Other than the aforementioned, this crossing was typical in many respects. After multiple passages, we now easily fall into the lazy rhythm, passing the time with such things as reading, watching movies, writing, and daily deck checks which include cleaning it of flying fish and squid! We had no more engine problems.
First day out, Jordan caught a huge yellowfin tuna, after about a 2-hour fight. It was so big and heavy that he struggled to bring it on deck - a very rotund plump fish. We saved enough for about 10 meals, the rest we had to return to the sea and share it with the fishes as we had no way of safely preserving it for a long period of time.
Too heavy to lift!
We saw few boats - a couple of freighters - about 3 days out then nothing until Day 14 where we crossed close paths with a slow moving Japanese fishing ship that Jordan made contact with to make sure he saw us. They go to great distances for their pelagic harvest.
The start of our passage was under a sliver of waning moon. We had many dark nights with only start to light our way. But slowly, it made its appearance once again as we watched it wax to full. The Milky Way here was as vivid as white powder on a black canvas so much so that at first we thought it was clouds, but after repeated nocturnal observations, it was evident. In this pearly band, the Southern Cross (the southern hemisphere's equivalent to the North Star) was showing us the way.

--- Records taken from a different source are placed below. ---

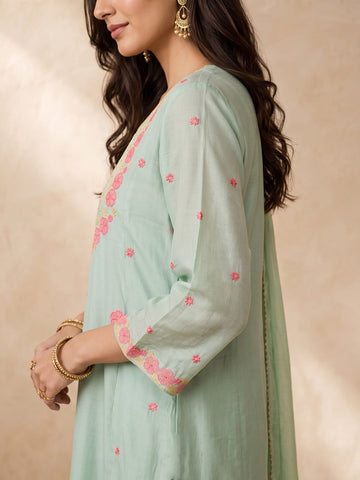 Women's Mulmul Chanderi Kurta Set With Chiffon Dupatta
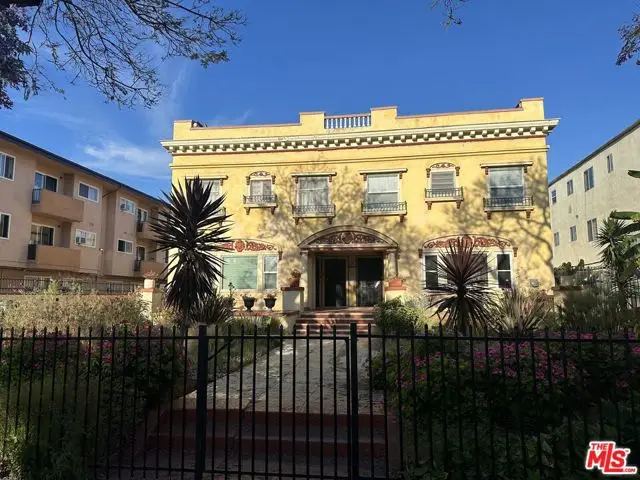 1400 S St Andrews Place, Los Angeles, CA 90019 - Image #2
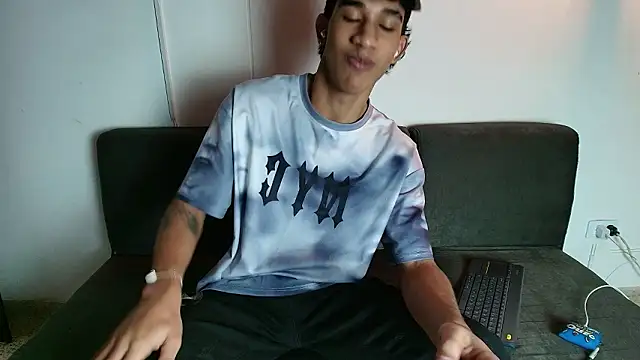 hares_mds's cam snapshot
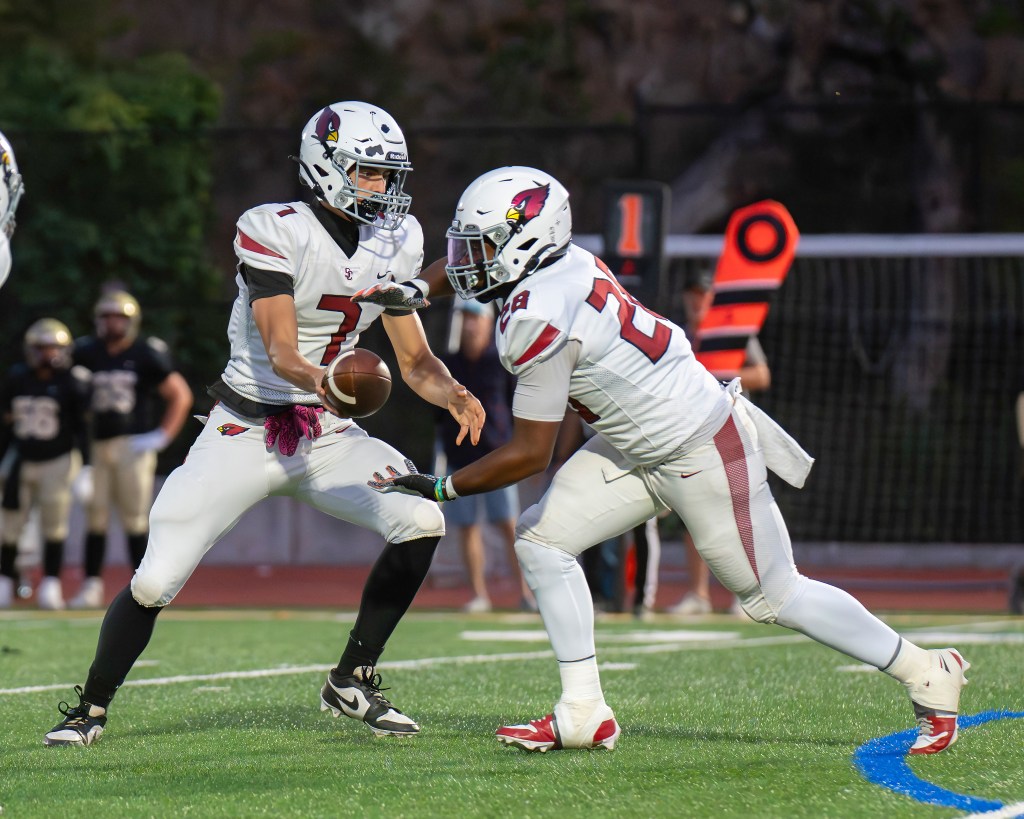 Santa Cruz shakes Seaside, eclipses 2024 win total | High school football roundup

Day 23 - June 23rd. Getting close to land. Had a couple of dolphins at our bow, 1 mom and 1 baby. How cute is that! Also several boobie birds and seagulls making an appearance. The moon was full and so bright.
Land Ho! We spotted the first Marquesan island, Ua Huka, off in the distance the next day at 16:15.

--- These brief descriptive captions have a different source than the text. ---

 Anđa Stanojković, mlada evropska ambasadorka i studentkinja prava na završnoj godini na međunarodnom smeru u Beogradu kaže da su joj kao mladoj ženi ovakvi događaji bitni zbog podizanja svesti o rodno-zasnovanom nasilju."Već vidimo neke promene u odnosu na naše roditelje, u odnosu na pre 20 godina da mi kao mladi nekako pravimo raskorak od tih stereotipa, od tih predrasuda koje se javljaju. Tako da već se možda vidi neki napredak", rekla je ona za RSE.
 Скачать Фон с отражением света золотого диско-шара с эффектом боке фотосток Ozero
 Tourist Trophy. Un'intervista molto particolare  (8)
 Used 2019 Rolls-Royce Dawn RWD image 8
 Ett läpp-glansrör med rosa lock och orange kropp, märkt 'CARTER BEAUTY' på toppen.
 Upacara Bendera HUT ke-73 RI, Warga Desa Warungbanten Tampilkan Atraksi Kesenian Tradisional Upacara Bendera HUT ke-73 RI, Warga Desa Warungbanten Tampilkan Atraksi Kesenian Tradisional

On Day 25, we entered Taiohae Bay (pronounced Ty-o-ha-eh) at Nuku Hiva island of the Marquesas at 09:00 (S08°54.927' W140°05.881') just as the moon was relinquishing light to the rising sun. Jordan counted 39 other boats in the anchorage. We set our clocks to Marquesas time of 06:30 (2.5 hours earlier than Galápagos time). New exploring to begin!
We have completed 4 major passages in the last 6 months: from Ecuador to Easter Island, Easter Island to Chile, Chile to Galápagos, and now Galápagos to Marquesas. This put us out to sea for a total of 83 days out of 199 days which is close to half. That's a lot of time to be out to sea in a short period of time for us!
F.Y.I. The French Polynesia consists of 5 archipelagos which means 5 groups of islands. We will be visiting 3 of these groups: our first is the Marquesas, next will be the Tuamotus, and finally the Society Islands.
We will NOT be visiting the 2 more southern groups called the Gambiers or the Australes (do not confuse with Australia!) The 5 archipelagos include 120 islands spread over 4.5 million square kms in the middle of the Pacific Ocean. As we are only allowed to stay in this area for a total of 3 months, the number of islands we can visit is limited.